Foreigners

No Experience Necessary

Do you need to know the name of Pakistan’s leader to be a good president?

“You’re not going to have time in January ‘09 to get ready for this job.”—Sen. Christopher Dodd, Democratic debate, Aug. 19, 2007

“If the position of president was a street, someone would have to hold Obama’s hand while he crossed it.”—Letter to the (Florida) Herald-Tribune

Democratic presidential hopeful Barack Obama

Like John Kerry’s flip-flops or John Edwards’ haircuts, the foreign-policy gaffes of Sen. Barack Obama have now become a staple source of presidential campaign humor—so much so that the candidate himself has been forced to come up with counterjokes in response. “To prepare for this debate I rode in the bumper cars at the state fair,”he told an Iowa audience on Sunday.

Yet given that his main Democratic rivals include a one-term senator and another senator whose career, at least as an elected national official, is only four years longer than that of Obama himself, maybe we should pause before laughing. After all, the barb in the jokes comes from the assumption—usually unquestioned—that there really is some specific, specialized, inside knowledge of foreign countries that some candidates have and some don’t that will one day prove essential to his or her presidency. Is that really true? Or—to put it in late-night talk-show language—do you really have to know the name of the Pakistani leader in order to be a good president of the United States?

Clearly you don’t have to know very much of anything about foreign countries in order to become president, this not being a criterion that matters much to most U.S. voters. Famously, candidate George W. Bush not only couldn’t identify the Pakistani president(and thought Greeks were called “Grecians”), he’d hardly traveled abroad. Candidate Bill Clinton had traveled abroad and knew the names of lots of international politicians, but he had never been required to use them, the governorship of Arkansas not being a job that involves much interaction with foreign heads of state. By contrast, the elder George Bush had plenty of foreign-policy experience—CIA boss, ambassador to China—none of which helped him get re-elected in 1992.

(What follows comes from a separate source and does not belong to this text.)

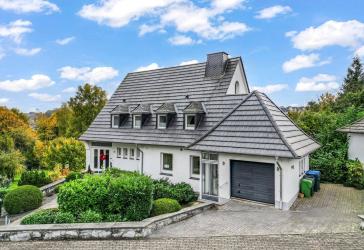 *Provisionsfrei* Viel Platz, flexible Nutzung - Haus mit Einliegerwohnung am Schorenweg (nicht mehr vermietet)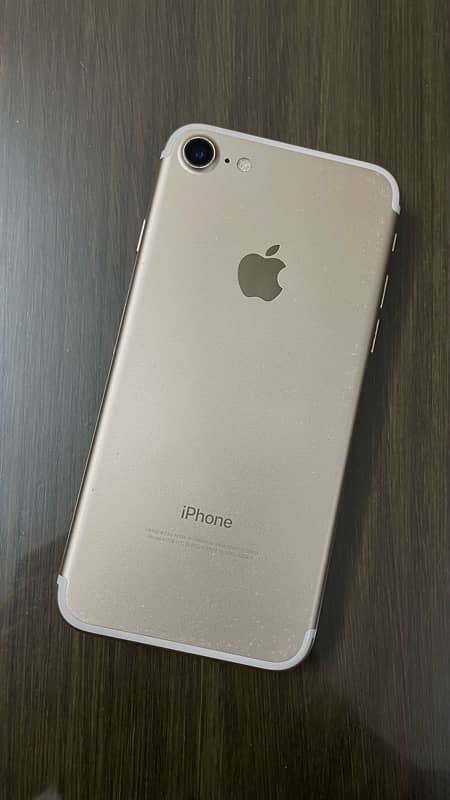 iphone 7 (128 gb/PTA) 1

As for foreign-policy decisions once in office, it’s far from obvious that any specific kind of experience has ever helped anyone make good ones. Vice President Harry Truman first heard that there might be some difficulties arising in relations with our Soviet wartime allies in April 1945, when Franklin Roosevelt’s death made him president—yet within months he had launched the Cold War. On the other hand, Lyndon Johnson had held national office for years before becoming president, but he still couldn’t cope with Vietnam.

In fact, there may be some sorts of experience that are actually detrimental to a potential president. I worry a lot, for example, about Hillary Clinton’s much-vaunted travels as first lady: She came, she made carefully prepared speeches, and she received polite applause. It won’t be like that if she’s president, and I hope she doesn’t think it will. Other presidential candidates have been governors of large states (or mayors of large cities), and as such have bragged that they conducted mini-foreign policies of their own. Still, the world looks quite different (and Mexico seems a lot more important) in Austin, Texas; Sacramento, Calif.; or Santa Fe, N.M.; than it does in the Oval Office, while the verbal bombast needed to win votes in New York City might not go down so well at the G-8 summit.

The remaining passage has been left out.